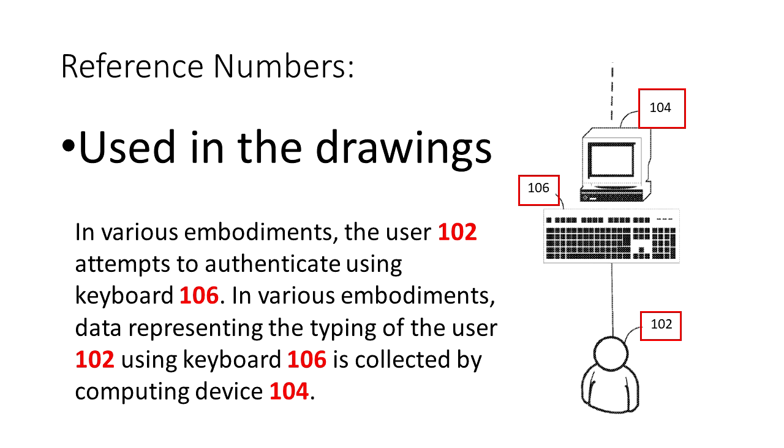For example, in the written description the keyboard is referred to with the number 106 and in the drawing you can see that 106 is referring to the keyboard.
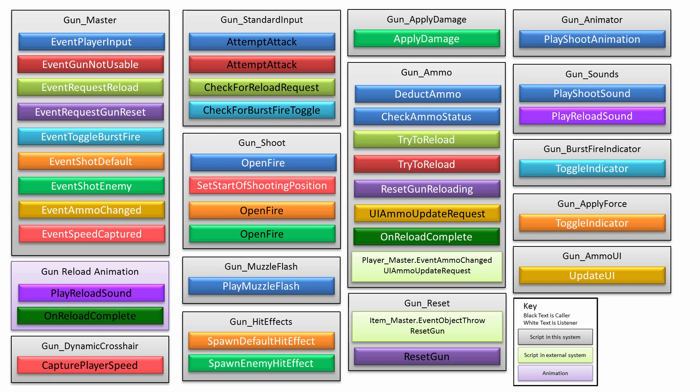And then from there, we'll be making our own assets. So, like the animations, the controllers, and the particle effects. And then after those 10 videos about, then we'll be scripting each of these ones that you see on your screen.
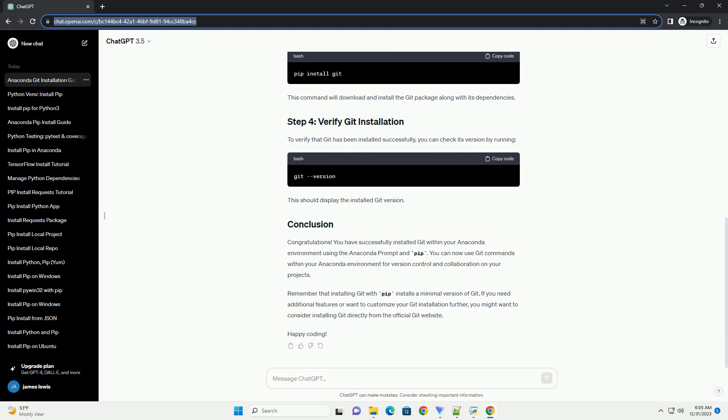Remember that installing Git with PIP installs a minimal version of Git. If you need additional features or want to customize your Git installation further, you might want to consider installing Git directly from the official Git website.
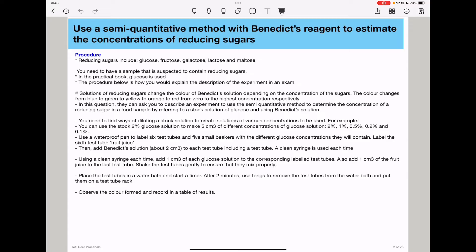You need to begin by finding ways of diluting the stock solution. For example, in your practical lab book, they give a stock of 2% glucose solution, but you can dilute that to get a 1%, a 0.5%, a 0.2%, and a 0.1% solution. In this experiment, you need to have 6 test tubes as well as 6 beakers. Use a waterproof pen to label 6 test tubes and 6 beakers with the different glucose concentrations they will contain, and label the sixth test tube for juice, because that is going to contain the sample whose reducing sugar concentration you want to estimate.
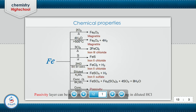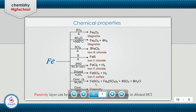Iron plus sulfur in the presence of heat gives iron(II) sulfide. Iron plus two moles of HCl (diluted acid) gives ferric chloride plus hydrogen. Iron plus diluted sulfuric acid gives iron(II) sulfate (ferrous sulfate) plus hydrogen. Iron plus concentrated sulfuric acid in the presence of heat produces ferrous sulfate plus ferric sulfate plus four moles of sulfur dioxide plus eight moles of H2O.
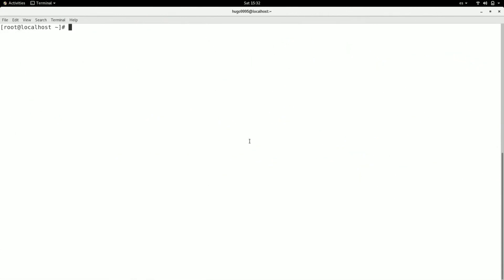Hello everyone, welcome to this video. Today we're going to talk about how to install Terraform in CentOS 7.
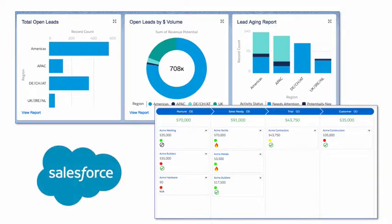LeadSmart Connect is 100% cloud-based and was built using Salesforce unified platform services, ensuring the highest level of security and performance.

----------------

[YOUR ASSIGNMENT]
Give the entries above again word for word, without any pictures.

[TASK RESPONSE]
For example, in the written description the keyboard is referred to with the number 106 and in the drawing you can see that 106 is referring to the keyboard.
And then from there, we'll be making our own assets. So, like the animations, the controllers, and the particle effects. And then after those 10 videos about, then we'll be scripting each of these ones that you see on your screen.
Remember that installing Git with PIP installs a minimal version of Git. If you need additional features or want to customize your Git installation further, you might want to consider installing Git directly from the official Git website.
You need to begin by finding ways of diluting the stock solution. For example, in your practical lab book, they give a stock of 2% glucose solution, but you can dilute that to get a 1%, a 0.5%, a 0.2%, and a 0.1% solution. In this experiment, you need to have 6 test tubes as well as 6 beakers. Use a waterproof pen to label 6 test tubes and 6 beakers with the different glucose concentrations they will contain, and label the sixth test tube for juice, because that is going to contain the sample whose reducing sugar concentration you want to estimate.
Iron plus sulfur in the presence of heat gives iron(II) sulfide. Iron plus two moles of HCl (diluted acid) gives ferric chloride plus hydrogen. Iron plus diluted sulfuric acid gives iron(II) sulfate (ferrous sulfate) plus hydrogen. Iron plus concentrated sulfuric acid in the presence of heat produces ferrous sulfate plus ferric sulfate plus four moles of sulfur dioxide plus eight moles of H2O.
Hello everyone, welcome to this video. Today we're going to talk about how to install Terraform in CentOS 7.
LeadSmart Connect is 100% cloud-based and was built using Salesforce unified platform services, ensuring the highest level of security and performance.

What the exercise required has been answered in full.